Benefits: access to niche data outside of your first-party dataset, high-quality, precise, transparent, allows for price negotiations and opportunities for a long-term business relationship.

  • Third-party data is mainly data collected from various data owners by an aggregator (who may have no connection with you) and sold as a packaged data set. In this topic, data marketplaces fall under this category as the data sets are aggregated from various data sources.

Benefits: fills the gaps of the first and second-party data by providing larger data sets of external audience segments and events.

Unlike the first- and second-party data, third-party data allows a company to widen its horizons and take into account external events like demographic, geographic, economic and political changes that may or may not affect the company.

This is especially useful for companies looking to enter new markets, enhance their product line, check on the competition, design premium services, and do any venture that the company has no familiarity with.

Third-party data fills the gaps of first- and second-party data.

For example, you, as a retail business owner, want to know who else would buy your products to expand your customer base and whether there are social media trends that can affect your business and how. But you can’t get this information straight from your customer database, so you have to browse the data marketplaces for these data sets.

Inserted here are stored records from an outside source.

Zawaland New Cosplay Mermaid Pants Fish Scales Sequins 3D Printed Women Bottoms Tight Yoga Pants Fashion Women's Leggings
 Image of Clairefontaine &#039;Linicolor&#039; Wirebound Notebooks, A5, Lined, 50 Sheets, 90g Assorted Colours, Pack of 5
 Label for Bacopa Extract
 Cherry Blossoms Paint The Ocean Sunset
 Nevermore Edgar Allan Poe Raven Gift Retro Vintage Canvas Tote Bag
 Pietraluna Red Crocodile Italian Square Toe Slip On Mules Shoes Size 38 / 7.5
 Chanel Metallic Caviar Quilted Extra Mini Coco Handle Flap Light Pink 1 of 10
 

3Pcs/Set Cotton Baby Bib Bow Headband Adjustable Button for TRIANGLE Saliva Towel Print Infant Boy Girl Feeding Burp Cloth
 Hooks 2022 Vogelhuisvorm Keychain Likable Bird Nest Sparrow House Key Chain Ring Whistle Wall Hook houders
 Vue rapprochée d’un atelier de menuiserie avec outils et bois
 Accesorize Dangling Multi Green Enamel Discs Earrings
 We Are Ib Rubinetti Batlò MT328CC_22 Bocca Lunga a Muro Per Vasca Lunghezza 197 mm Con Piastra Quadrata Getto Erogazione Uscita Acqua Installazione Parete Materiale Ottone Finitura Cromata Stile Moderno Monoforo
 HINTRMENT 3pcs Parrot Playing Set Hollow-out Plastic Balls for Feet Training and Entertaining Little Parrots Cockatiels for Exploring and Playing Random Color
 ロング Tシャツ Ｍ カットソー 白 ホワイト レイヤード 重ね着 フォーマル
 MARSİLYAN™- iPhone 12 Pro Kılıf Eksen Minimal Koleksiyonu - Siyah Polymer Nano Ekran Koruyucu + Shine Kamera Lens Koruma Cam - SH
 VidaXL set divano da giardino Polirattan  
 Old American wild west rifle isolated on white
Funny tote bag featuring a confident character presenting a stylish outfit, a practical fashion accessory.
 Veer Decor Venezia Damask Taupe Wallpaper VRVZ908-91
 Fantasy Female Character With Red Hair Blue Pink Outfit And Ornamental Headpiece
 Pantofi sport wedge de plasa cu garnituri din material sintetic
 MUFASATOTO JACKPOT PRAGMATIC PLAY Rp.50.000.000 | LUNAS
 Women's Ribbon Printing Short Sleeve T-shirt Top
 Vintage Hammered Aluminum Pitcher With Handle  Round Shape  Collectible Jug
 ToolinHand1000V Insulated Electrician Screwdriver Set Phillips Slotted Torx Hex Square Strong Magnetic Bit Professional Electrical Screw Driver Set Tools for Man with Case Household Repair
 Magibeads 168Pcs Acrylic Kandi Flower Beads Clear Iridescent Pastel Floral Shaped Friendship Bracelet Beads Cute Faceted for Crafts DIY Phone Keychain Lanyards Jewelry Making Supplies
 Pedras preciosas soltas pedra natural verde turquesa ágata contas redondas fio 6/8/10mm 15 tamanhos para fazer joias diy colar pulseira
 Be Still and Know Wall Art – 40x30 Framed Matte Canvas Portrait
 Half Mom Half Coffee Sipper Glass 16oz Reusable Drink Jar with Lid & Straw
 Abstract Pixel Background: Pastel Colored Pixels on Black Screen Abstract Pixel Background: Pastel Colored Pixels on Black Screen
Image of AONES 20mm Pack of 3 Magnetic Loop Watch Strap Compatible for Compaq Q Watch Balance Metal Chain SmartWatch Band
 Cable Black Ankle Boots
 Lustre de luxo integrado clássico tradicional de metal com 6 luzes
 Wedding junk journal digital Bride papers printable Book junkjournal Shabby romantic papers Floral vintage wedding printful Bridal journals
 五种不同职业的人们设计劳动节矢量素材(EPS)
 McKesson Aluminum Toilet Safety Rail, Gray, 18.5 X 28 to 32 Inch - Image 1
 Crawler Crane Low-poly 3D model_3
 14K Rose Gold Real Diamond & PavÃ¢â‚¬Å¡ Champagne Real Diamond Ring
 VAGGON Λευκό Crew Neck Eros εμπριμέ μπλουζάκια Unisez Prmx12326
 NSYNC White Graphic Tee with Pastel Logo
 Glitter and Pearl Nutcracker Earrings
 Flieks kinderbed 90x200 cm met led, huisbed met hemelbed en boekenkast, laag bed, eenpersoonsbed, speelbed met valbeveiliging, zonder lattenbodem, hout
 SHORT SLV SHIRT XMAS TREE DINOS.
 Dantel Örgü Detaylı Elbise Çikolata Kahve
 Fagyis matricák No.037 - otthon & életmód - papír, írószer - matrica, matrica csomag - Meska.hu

Now, you’re wondering what’s in it for the data sellers. The answer is simply monetisation. Data marketplaces give data owners the opportunity to make money out of their data.

The main problem with data marketplaces

However, the benefits that accompany data marketplaces come at a cost. This hardly-discussed issue was raised last year by data exchange platform Harbr, who said that data has several characteristics that do not go well in a marketplace setting, which requires heavy standardisation. These characteristics include:

  • Adaptability to the extent of removing the traceability to its original form.
  • Easily replaceable.
  • Complexities in information, formats, delivery mechanisms, terms and pricing.
  • Raw, as in the data still needs to be processed for use.
  • Easy to copy or steal.

While these characteristics are worth considering, this is just what 1 data exchange platform said, so let’s take it with a pinch of salt.

An interesting use case by Streamr

Streamr, the blockchain-based real-time data exchange platform mentioned earlier, collaborated with Bosch and Riddle & Code in 2019 to collect and share real-time electric vehicle data.

Making this pilot project possible are sensors, connected devices and software inside a Jaguar I-PACE electric vehicle to collect and send car IoT data to the Streamr Marketplace in real-time.

The aggregated car data can then be sold to highway agencies, smart cities, car manufacturers, insurance companies and other drivers for the following purposes:

  • Road infrastructure decisions
  • Car design decisions
  • Car insurance policies
  • Safety measures
  • Journey optimisation

You can watch a nice video about it on Streamr’s website.


A data marketplace, of which there are 3 types, is an external source of curated third-party data sets that can enhance the users’ data analysis on top of the users’ internal and partner data sets. It’s interesting to note that some data marketplaces rely on blockchain technology to function.

Despite the issues surrounding the characteristics of data versus the standardised marketplace setting, data marketplaces make these data sets more searchable and accessible to users amidst the ever-expanding universe of Big Data.